*Extracted information*
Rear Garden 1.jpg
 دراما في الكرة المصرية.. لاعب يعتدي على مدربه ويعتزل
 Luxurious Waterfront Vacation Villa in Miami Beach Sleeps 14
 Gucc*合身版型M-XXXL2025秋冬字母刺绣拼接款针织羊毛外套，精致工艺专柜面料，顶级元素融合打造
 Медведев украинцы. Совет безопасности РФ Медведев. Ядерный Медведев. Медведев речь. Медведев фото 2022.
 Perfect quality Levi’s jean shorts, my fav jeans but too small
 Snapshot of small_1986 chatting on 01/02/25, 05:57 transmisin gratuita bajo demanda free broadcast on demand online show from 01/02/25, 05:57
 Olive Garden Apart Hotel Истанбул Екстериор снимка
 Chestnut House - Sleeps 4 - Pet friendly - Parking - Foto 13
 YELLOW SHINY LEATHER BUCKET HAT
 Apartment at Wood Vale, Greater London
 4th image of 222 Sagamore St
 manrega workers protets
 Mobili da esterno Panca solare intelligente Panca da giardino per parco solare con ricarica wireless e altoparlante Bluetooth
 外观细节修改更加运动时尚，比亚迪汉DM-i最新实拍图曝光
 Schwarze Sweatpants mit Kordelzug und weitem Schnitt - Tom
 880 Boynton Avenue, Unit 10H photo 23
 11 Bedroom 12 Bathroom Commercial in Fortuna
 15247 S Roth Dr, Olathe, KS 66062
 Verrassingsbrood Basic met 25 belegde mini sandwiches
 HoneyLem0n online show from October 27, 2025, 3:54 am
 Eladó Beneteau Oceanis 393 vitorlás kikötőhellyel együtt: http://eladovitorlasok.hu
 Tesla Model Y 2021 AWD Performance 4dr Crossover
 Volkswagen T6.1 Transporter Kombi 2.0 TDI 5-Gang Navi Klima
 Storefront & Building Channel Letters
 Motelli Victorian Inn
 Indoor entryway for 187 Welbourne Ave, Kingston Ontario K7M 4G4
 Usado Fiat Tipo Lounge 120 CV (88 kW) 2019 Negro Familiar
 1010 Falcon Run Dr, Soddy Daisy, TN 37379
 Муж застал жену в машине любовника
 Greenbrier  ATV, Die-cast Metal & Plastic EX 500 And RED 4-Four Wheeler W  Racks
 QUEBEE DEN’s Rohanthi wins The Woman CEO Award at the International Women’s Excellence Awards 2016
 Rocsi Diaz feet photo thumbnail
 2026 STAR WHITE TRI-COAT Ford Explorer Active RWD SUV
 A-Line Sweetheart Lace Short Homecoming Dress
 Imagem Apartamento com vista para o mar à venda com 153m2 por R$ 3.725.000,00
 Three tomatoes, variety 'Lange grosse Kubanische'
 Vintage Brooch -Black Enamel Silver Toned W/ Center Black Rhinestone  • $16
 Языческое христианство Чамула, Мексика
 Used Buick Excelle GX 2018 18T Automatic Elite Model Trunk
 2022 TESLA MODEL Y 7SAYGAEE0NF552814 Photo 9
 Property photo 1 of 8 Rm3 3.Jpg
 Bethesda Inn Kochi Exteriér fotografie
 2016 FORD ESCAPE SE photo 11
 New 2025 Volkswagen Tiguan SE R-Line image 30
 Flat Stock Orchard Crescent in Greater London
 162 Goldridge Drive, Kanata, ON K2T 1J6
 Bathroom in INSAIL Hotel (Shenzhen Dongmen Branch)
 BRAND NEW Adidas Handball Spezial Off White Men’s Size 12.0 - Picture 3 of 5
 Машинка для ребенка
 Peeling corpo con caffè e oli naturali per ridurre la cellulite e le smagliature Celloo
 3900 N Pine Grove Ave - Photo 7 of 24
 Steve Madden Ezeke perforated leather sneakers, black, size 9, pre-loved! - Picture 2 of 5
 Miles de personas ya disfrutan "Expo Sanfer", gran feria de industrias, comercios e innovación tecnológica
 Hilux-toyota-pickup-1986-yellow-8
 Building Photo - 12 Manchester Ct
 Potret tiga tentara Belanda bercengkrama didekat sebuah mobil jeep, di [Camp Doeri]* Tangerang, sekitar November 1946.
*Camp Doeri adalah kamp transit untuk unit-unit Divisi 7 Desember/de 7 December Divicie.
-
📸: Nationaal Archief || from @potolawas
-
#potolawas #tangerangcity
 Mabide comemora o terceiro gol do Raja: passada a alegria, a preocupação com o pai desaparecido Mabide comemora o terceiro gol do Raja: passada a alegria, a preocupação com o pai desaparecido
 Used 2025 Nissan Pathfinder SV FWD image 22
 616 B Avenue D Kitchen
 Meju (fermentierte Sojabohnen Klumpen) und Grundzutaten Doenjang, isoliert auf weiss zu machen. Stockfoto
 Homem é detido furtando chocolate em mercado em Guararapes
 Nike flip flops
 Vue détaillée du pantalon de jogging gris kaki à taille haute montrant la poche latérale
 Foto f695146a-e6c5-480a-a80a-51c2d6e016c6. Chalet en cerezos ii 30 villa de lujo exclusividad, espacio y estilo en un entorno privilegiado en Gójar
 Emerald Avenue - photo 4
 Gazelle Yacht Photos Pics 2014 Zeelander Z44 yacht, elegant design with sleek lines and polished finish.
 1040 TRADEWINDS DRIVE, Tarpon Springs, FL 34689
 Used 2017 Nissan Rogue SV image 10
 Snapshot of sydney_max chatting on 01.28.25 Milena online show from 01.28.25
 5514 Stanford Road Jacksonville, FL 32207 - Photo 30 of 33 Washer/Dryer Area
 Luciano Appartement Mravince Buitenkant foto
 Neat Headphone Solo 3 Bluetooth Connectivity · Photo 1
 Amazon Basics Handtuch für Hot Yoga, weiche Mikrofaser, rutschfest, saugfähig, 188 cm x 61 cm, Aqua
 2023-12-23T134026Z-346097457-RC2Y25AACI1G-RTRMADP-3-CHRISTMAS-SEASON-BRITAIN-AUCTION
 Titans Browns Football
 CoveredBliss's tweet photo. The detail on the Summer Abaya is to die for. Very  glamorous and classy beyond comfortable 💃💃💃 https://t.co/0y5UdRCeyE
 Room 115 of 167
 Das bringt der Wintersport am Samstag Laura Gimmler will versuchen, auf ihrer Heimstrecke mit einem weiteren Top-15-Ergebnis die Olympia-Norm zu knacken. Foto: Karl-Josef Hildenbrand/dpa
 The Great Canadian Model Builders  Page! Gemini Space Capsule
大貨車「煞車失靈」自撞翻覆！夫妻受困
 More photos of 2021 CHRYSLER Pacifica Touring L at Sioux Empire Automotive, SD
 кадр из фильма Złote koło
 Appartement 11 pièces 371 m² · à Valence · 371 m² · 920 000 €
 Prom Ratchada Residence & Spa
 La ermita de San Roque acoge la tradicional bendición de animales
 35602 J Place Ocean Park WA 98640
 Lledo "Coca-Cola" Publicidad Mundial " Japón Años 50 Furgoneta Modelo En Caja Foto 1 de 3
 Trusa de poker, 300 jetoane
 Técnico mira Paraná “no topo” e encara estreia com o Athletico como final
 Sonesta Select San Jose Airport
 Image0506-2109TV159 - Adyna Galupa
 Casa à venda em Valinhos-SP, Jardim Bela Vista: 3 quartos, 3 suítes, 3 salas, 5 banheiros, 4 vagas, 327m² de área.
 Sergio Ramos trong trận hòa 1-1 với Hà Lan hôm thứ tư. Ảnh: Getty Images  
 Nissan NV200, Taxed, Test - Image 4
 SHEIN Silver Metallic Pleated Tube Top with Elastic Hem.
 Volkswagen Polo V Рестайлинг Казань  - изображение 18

*Task instructions*
Repeat the entries above verbatim, but only from the line that has "Gazelle Yacht Photos" down to the line that has "Snapshot of sydney_max", inclusive.

*Finished exercise*
 Gazelle Yacht Photos Pics 2014 Zeelander Z44 yacht, elegant design with sleek lines and polished finish.
 1040 TRADEWINDS DRIVE, Tarpon Springs, FL 34689
 Used 2017 Nissan Rogue SV image 10
 Snapshot of sydney_max chatting on 01.28.25 Milena online show from 01.28.25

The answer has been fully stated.